Given material =>
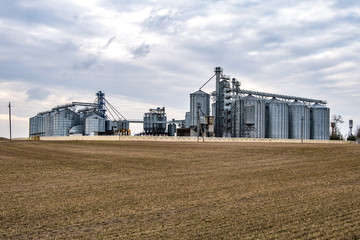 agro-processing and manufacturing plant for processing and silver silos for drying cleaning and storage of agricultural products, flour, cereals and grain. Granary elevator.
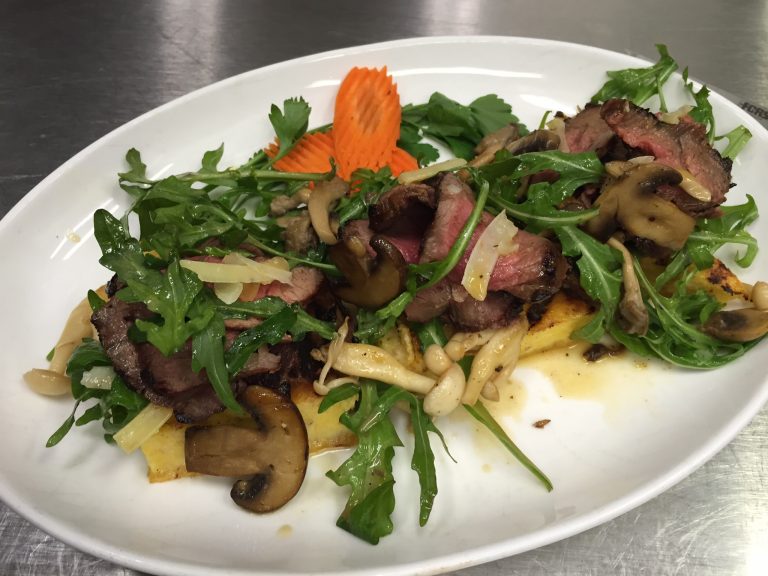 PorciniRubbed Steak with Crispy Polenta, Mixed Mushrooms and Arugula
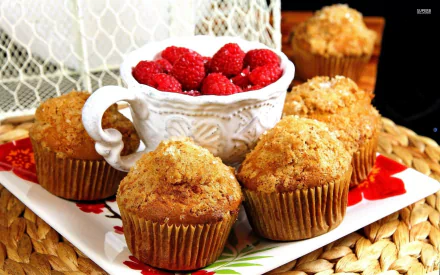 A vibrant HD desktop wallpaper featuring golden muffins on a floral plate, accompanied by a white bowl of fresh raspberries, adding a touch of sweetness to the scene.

Assignment =>
All of the lines above must be repeated without alteration, though the pictures are to be excluded.

Reply =>
 agro-processing and manufacturing plant for processing and silver silos for drying cleaning and storage of agricultural products, flour, cereals and grain. Granary elevator.
 PorciniRubbed Steak with Crispy Polenta, Mixed Mushrooms and Arugula
 A vibrant HD desktop wallpaper featuring golden muffins on a floral plate, accompanied by a white bowl of fresh raspberries, adding a touch of sweetness to the scene.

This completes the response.